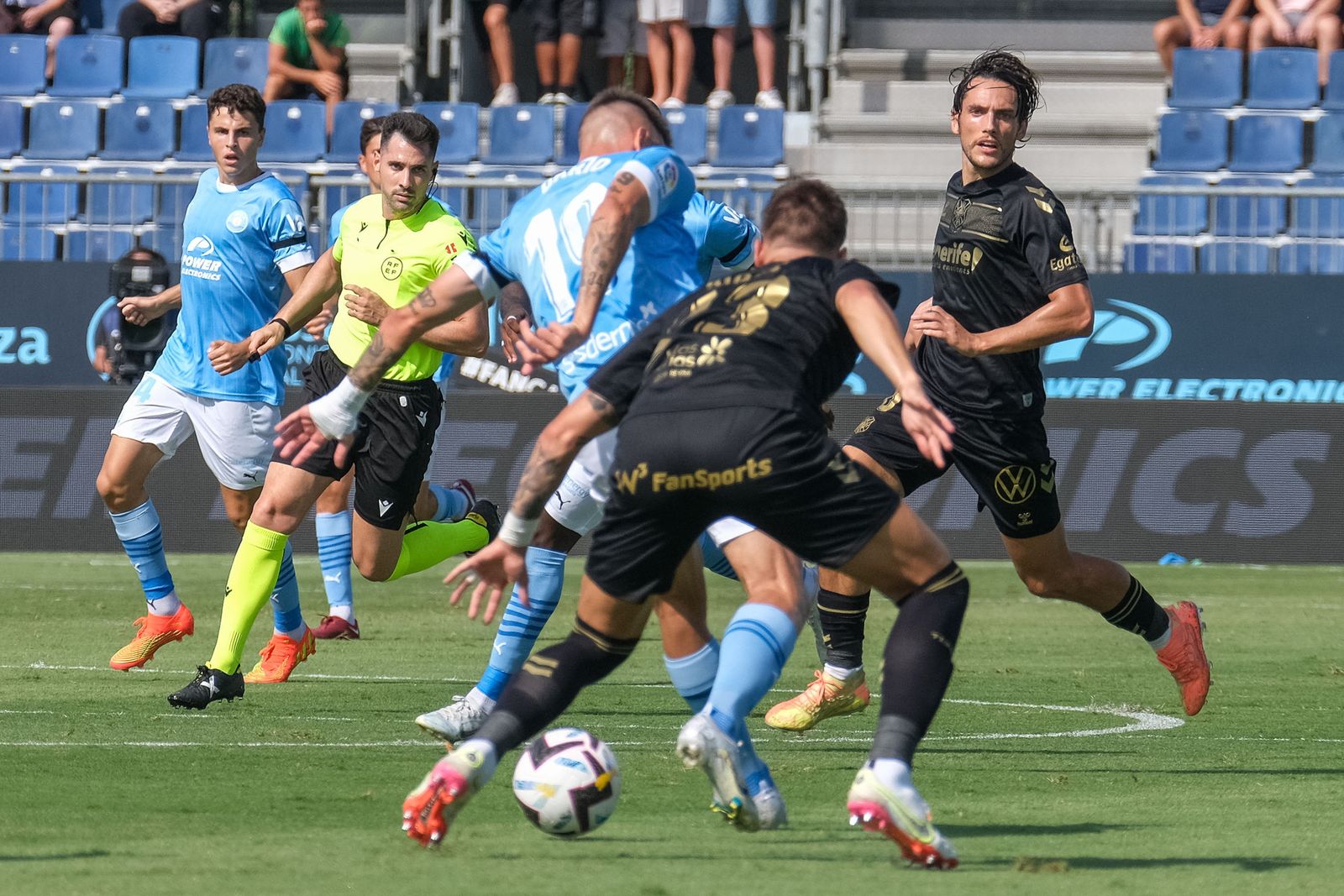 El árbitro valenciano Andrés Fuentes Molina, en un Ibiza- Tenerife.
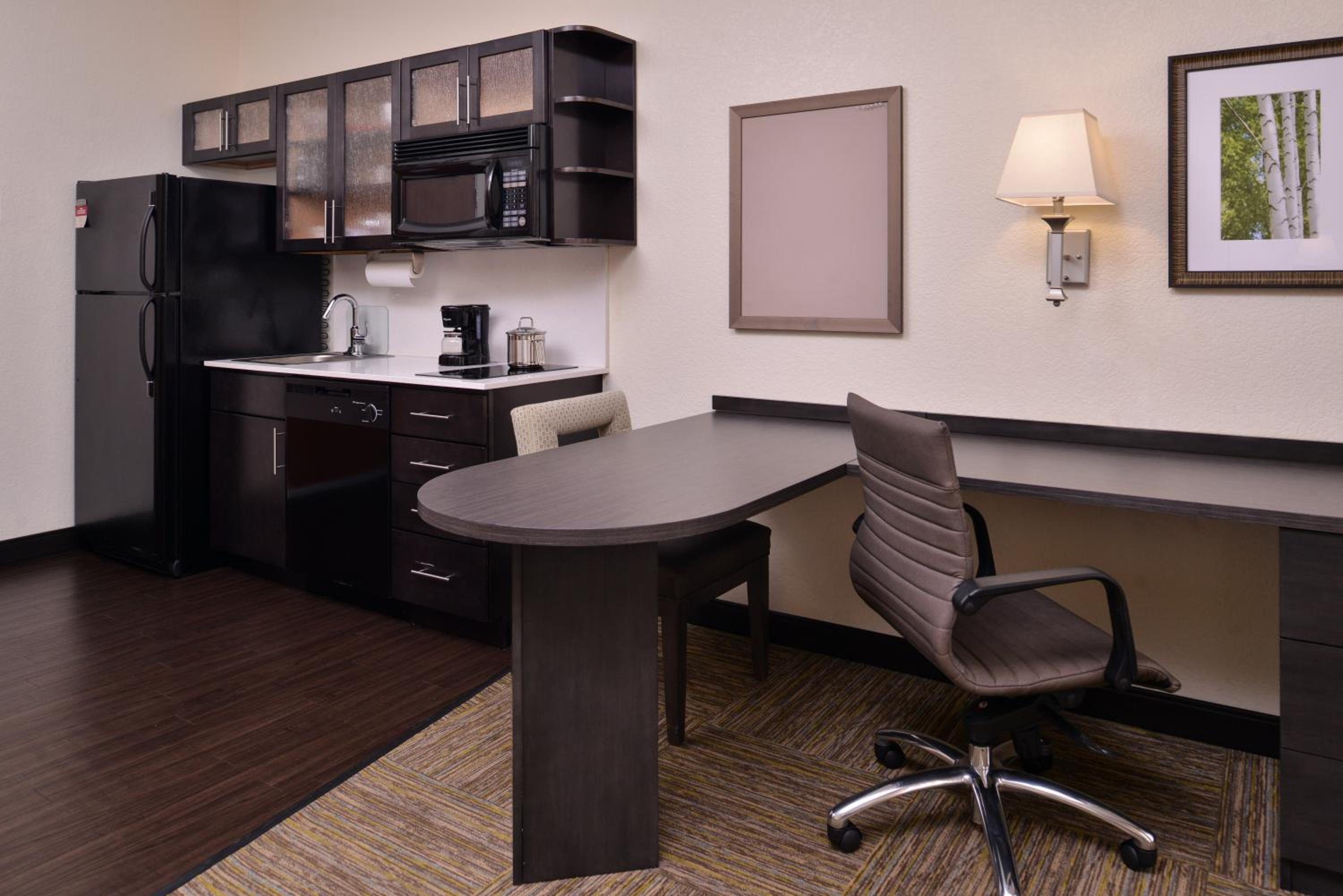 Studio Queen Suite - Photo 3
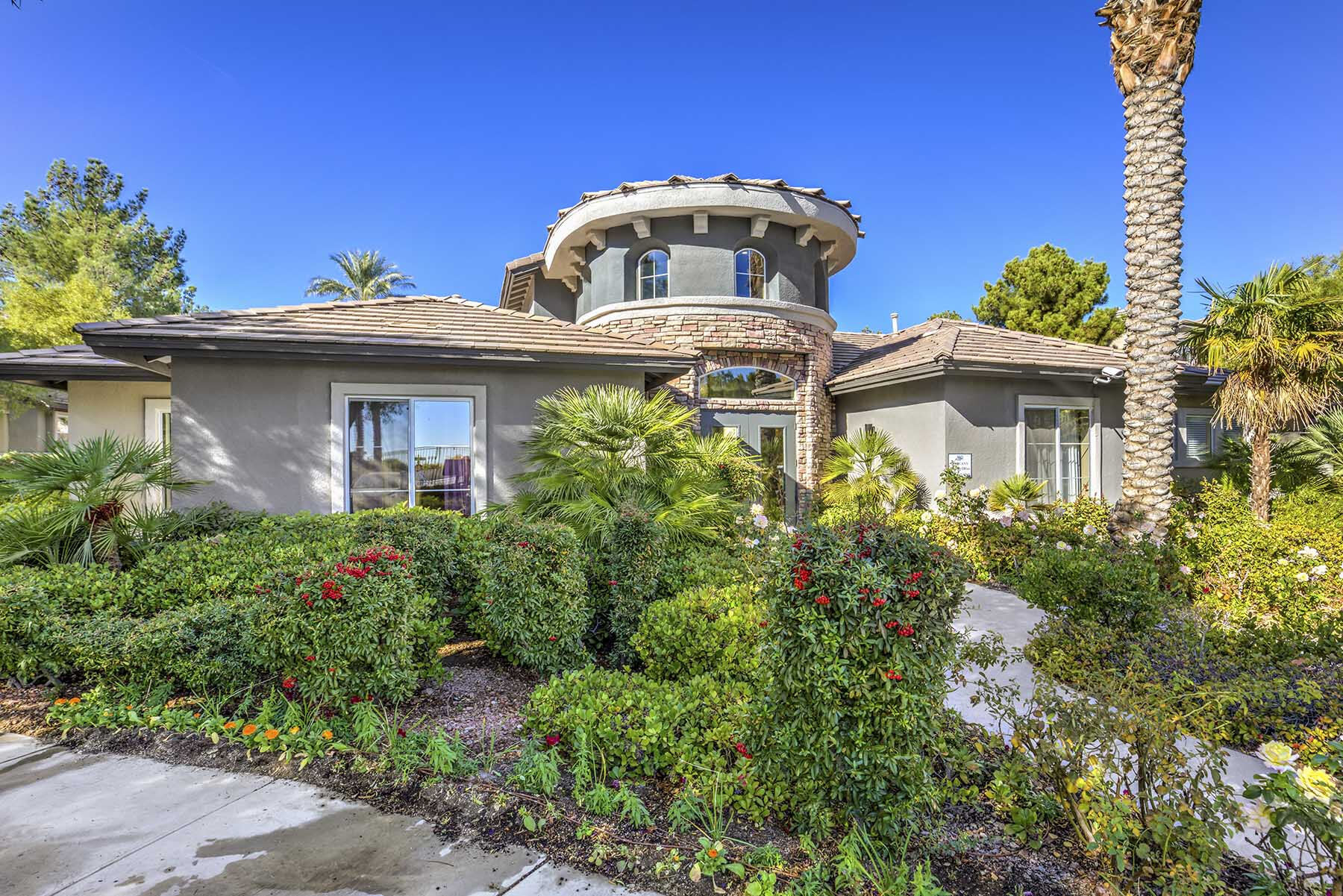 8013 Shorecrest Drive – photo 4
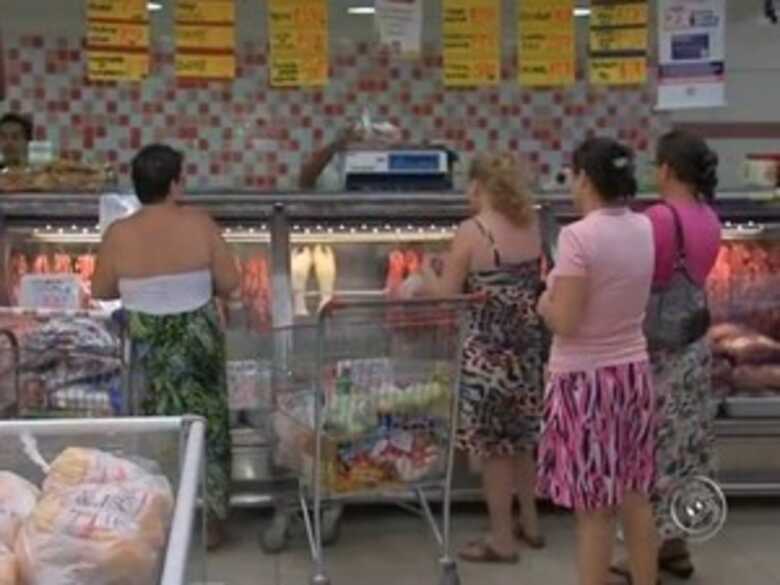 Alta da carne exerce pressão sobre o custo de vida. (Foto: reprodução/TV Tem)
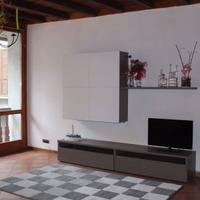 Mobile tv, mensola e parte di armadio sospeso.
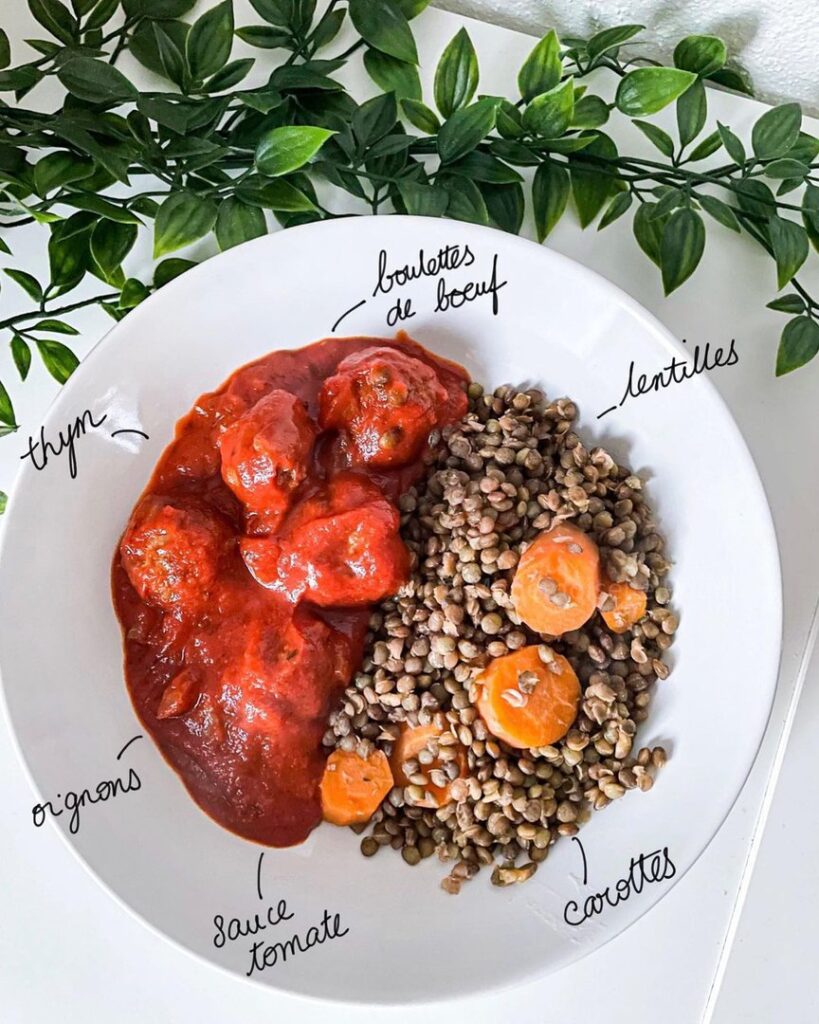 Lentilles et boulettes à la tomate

= Exercise directions =
Word for word, retype the material above without its pictures.

= Response area =
 El árbitro valenciano Andrés Fuentes Molina, en un Ibiza- Tenerife.
 Studio Queen Suite - Photo 3
 8013 Shorecrest Drive – photo 4
 Alta da carne exerce pressão sobre o custo de vida. (Foto: reprodução/TV Tem)
 Mobile tv, mensola e parte di armadio sospeso.
 Lentilles et boulettes à la tomate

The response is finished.